En agosto de 1975, Stephen Hawking mostró una propiedad asombrosa de los agujeros negros. Estudiando las propiedades cuánticas del vacío en las inmediaciones del horizonte de eventos, demostró que éstos emiten luz y otras partículas elementales, como si tuvieran temperatura. La forma en que la energía está distribuida entre las partículas radiadas por el agujero negro resulta ser la de un objeto caliente, idéntica a la que observamos entre las partículas que componen el vaso de agua de nuestro ejemplo.

Un agujero negro con la masa del Sol está a 0.06 millonésimas de grado sobre el cero absoluto, y a mayor masa menor temperatura. Esto hace virtualmente imposible la detección de la radiación térmica de los agujeros negros, teniendo en cuenta que el gélido espacio exterior está aun más caliente. Sin embargo, la radiación de Hawking debe existir. Un suave fulgor que acompaña su lenta evaporación, hasta la total desaparición.

HAWKING EN SU LABERINTO

En su artículo “Ruptura de la predictibilidad en el colapso gravitacional”, Hawking se dio cuenta de que los agujeros negros serían capaces de destruir la información más básica que podamos imaginar, en contradicción frontal con los principios fundamentales de la física cuántica. Podrían proporcionar una forma de eliminar la información para siempre. Tanto que ni siquiera en principio pudiésemos recuperarla. La trituradora de documentos perfecta y final.

Si un agujero negro se creara a partir de un estado puro, las leyes del universo cuántico nos dicen que estará siempre en un estado puro. Sin embargo, la radiación de Hawking es de naturaleza termal. Como la que emite un carbón caliente en la parrilla. Cuando el agujero negro se haya evaporado, nos legará una colección de partículas y luz propias de un objeto caliente, totalmente inespecíficas. La radiación térmica es la huella dactilar de un proceso en el que se ha perdido información. Es el equivalente del agua coloreada. De otro modo, si lanzamos el papel del banco con el PIN de la tarjeta de crédito dentro de un agujero negro, no podremos reconstruirlo ni siquiera en principio. Esto es, ni con toda la paciencia ni disponiendo de todos los medios para capturar información que poseamos. En palabras del propio Hawking, “no sólo Dios juega a los dados, sino que a veces nos confunde  tirándolos en lugares en los que no podrán ser vistos jamás”.

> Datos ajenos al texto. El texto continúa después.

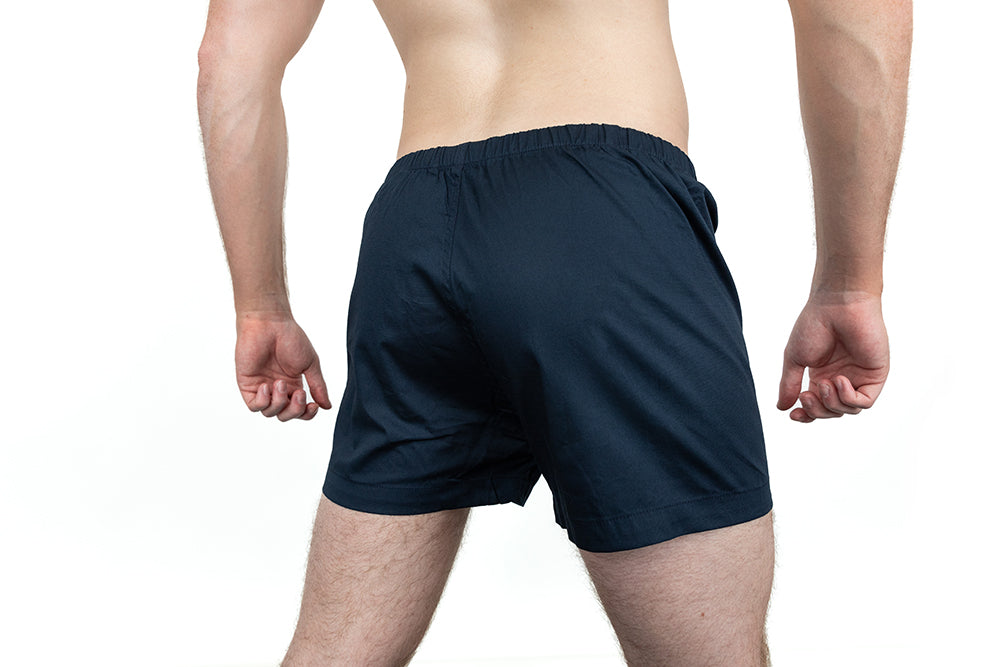 “BLADE" - Solid Navy Blue Slim-Cut Boxer Short - Made In USA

Si la argumentación fuera correcta, la pérdida de información en los agujeros negros marcaría el crujido de los cimientos que sostienen a la física cuántica. Deberíamos interpretar que, desde el fondo de sus fauces, estos monstruos del cosmos nos dicen con voz ronca que la mecánica cuántica es incorrecta. Si, en cambio, la argumentación resultara incorrecta… lo cierto es que ¡nadie sabe muy bien, tras cuarenta años, cómo corregirla! Cientos de propuestas, de ideas descabelladas, olvidadas, retomadas, descartadas… La paradoja de la información de Hawking es uno de los grandes misterios de la física contemporánea.